Technical Abstract: Yellow wilt is a serious destructive sugar beet disease that occurs only in Argentina and Chile. Symptoms include yellowing and wilting of the leaves, resulting in the death of infected plants, especially when accompanied by drought and high temperatures. Yellow wilt is caused by a rickettsia-like organism transmitted by a leafhopper, Paratanus exitiosus, and two species of dodder. Gaskill and Ehrenfeld (1976) observed a range in disease severity among 381 varieties and breeding lines of European and American origin.
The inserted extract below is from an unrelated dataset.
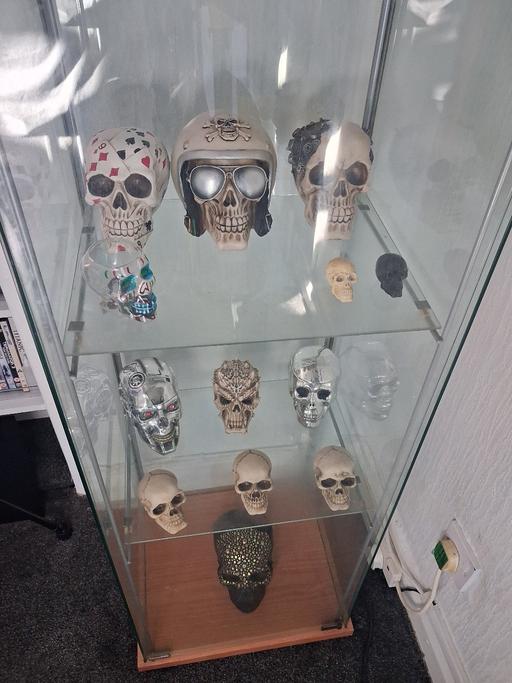 courses Litherland Sefton - Photos for Glass cabinet showcase with skeletons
Efficient screening and breeding programs must have disease nurseries or screening procedures that guarantee high percentages of infected plants. Mother beets are selected in both the yellowing and subsequent wilting phase. Success in breeding for resistance was initially hampered by frequency of escapes in the disease nurseries and difficulties in producing seed on selected plants that were resistant, but not immune. Satisfactory amounts of seed were obtained by repeatedly spraying the flowering plants with antibiotics. Three sea beet introductions displayed a relatively high resistance to yellow wilt, suggesting sea beet is a potential source of resistance genes. As of now, no variety with appreciable resistance to yellow wilt has been identified.